まずプロテーゼは異物である以上、必ず周囲に「カプセル」と呼ばれる被膜ができます。このカプセルがプロテーゼの表面積より大きければ、術後のバストは柔らかく、手術は成功したと言えます。そのために、術後のマッサージが必要になるのです。
では、マッサージを念入りにおこなえば固くならないのでしょうか?
答えは残念ながら「NO」です。マッサージをどれほどおこなっても、固くなってしまう場合があるのは避けられません。
それでは、不幸にして固くなってしまった場合にはどうしたらいいのでしょうか?
まずは、外側から非常に強く圧迫を加え、被膜を破る方法を試してみます。しかし困難なことも多く、その場合は再手術により被膜を取り除くことになります。しかし、ワキの下を切開して大胸筋下に入れた場合、その手術は非常にやりにくいものとなります。
以上、プロテーゼそのものの安全性は、確かに向上しているかもしれません。しかし、それは体にとって異物でしかありません。現時点でさえ、先に述べたような問題があるのです。これから先、数十年にわたって体内に埋め込まれたままでも、何の異常もないと断言できるでしょうか?

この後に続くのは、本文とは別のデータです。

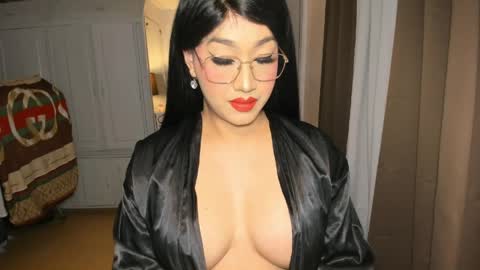 Snapshot of aqueenofcumxx chatting on 04.19.26 Alicia online show from 04.19.26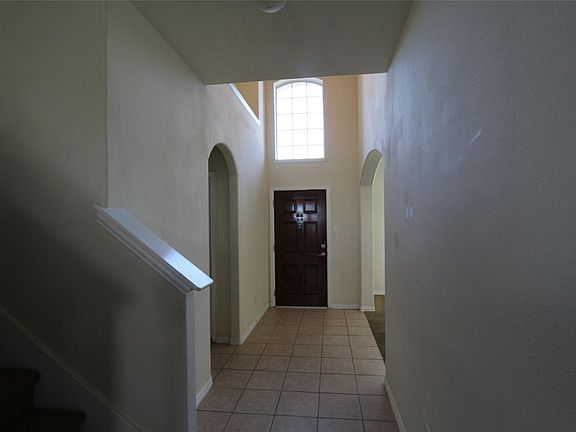 3rd image of 863 Sand Crab Ln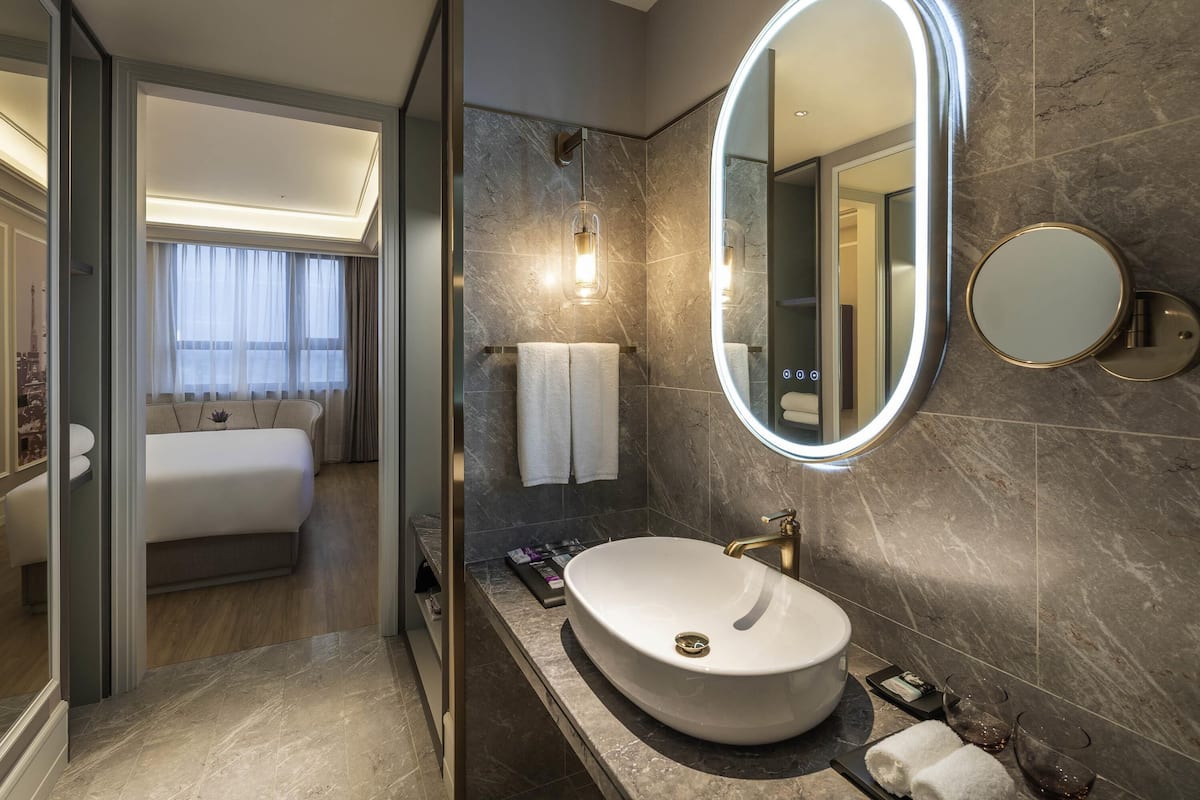 In-room safe, blackout drapes, soundproofing, rollaway beds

このように、「人工物を入れることでバストを大きくする」という方法には、デメリットや不安材料が多過ぎます。たとえ美容のためであっても、そのために安全性を犠牲にすることなどできません。
バストを極端に大きくできるプロテーゼ法は、確かに劇的な効果を生み出します。患者さんからすれば、ドラマティックな変化でしょう。しかし、そこに「あなたらしさ」は残っているのでしょうか?本来あなたが持っているはずの「美しさ」が引き出せるのでしょうか?そして「ナチュラルさ」は感じられるのでしょうか?

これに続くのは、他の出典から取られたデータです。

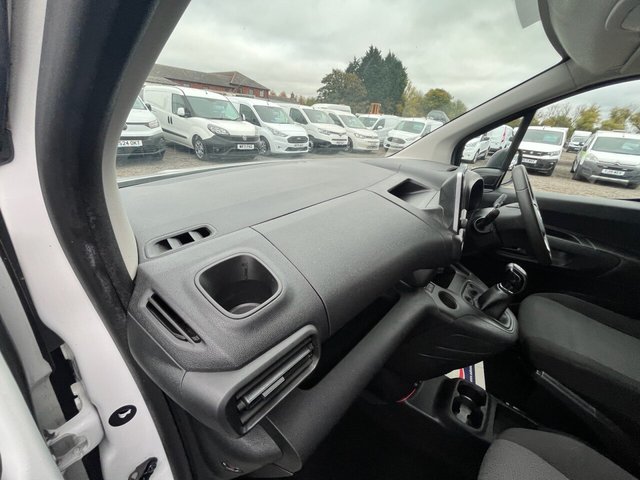 2020 Vauxhall Combo 1.6L Sportive 4dr - Photo 12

北村クリニックでは、このような問題の多いプロテーゼなどの異物を使った豊胸手術は開院以来、一切行っていません。「安全である」ことは医師として最優先の課題であり、「ナチュラルである」ことは北村式のポリシーでもあるからです。
脂肪注入法は、どの病院でも行っているわけではありません。それは卓越した脂肪吸引と脂肪注入の二つの技術がそろって、はじめて可能なものだからです。特に、注入は吸引よりもはるかにテクニックを必要とするものです。ですから、脂肪注入を行わない医師が多いのも事実です。